All proposed architectures have some properties in common: they all use unordered storage for the vectors involved (motivated by [9]); the control is micro-coded for simplicity, whereas hard-wired control logic would give equal performance and be more logical; and all architectures are proposed without a cache. An additional proposal for a cache has been made in this paper, but no performance data is available yet about this part. Because this cache is capable of handling a matrix on a element-by-element, the main goal of the hardware architectures as described in this paper is to handle vectors efficiently, i.e., read-, extract-, or insert-operations of a row or column can be done at a fixed rate of 1 element per 1 up to 4 memory cycles.

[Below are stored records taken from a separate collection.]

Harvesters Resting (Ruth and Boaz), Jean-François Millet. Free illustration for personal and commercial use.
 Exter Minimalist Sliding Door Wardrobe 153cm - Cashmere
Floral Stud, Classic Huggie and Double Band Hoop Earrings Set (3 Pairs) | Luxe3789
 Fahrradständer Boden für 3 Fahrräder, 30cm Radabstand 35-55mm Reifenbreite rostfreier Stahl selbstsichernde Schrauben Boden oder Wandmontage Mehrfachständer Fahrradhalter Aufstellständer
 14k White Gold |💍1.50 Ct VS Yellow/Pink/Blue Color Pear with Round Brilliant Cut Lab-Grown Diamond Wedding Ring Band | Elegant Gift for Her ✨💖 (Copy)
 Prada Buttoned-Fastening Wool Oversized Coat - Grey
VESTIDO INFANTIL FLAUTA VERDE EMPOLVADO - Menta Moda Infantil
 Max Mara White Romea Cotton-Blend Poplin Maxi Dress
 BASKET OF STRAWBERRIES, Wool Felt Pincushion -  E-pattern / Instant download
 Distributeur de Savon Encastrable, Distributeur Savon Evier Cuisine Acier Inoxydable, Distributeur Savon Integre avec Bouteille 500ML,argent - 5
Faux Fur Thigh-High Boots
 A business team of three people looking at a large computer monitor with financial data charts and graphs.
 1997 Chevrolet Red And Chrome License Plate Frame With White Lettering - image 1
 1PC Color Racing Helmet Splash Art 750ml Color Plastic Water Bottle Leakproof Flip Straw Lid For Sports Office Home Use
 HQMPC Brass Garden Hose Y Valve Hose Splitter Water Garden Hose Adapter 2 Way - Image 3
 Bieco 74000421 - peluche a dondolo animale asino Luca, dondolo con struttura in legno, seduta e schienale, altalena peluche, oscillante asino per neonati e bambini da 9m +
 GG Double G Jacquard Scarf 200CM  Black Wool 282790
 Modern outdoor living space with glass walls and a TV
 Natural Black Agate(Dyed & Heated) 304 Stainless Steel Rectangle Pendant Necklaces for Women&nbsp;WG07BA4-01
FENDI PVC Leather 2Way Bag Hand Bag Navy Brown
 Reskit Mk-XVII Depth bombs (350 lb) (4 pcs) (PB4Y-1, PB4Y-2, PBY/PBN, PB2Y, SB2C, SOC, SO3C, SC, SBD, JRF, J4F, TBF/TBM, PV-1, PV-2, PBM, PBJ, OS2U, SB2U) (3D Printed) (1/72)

This paper is organized as follows. The first two architectures (based on *vector storage* design) presented in Section 3 treat a matrix as an array of sparse vectors. Consequently, only row-wise (or only column-wise) operations can be dealt with. The main advantage of *vector storage* design is the relatively low overhead in terms of hardware and memory quantity. The architectures presented in Section 4 are based on *matrix storage* design and implement a matrix using a complicated storage scheme. This requires a more complex hardware design and increases the required amount of memory, but integrates both row-wise and column-wise read, extraction, and insertion.

The behaviour of the memory architecture for an example, sparse matrix vector multiply, is shown in section 5, and a comparison with Some possible ways for integration in an existing computing environment are discussed in section 6. A proposal for a cache, and the example of a saxpy operation, is discussed in Section 7. Finally, we state some conclusions in Section 8.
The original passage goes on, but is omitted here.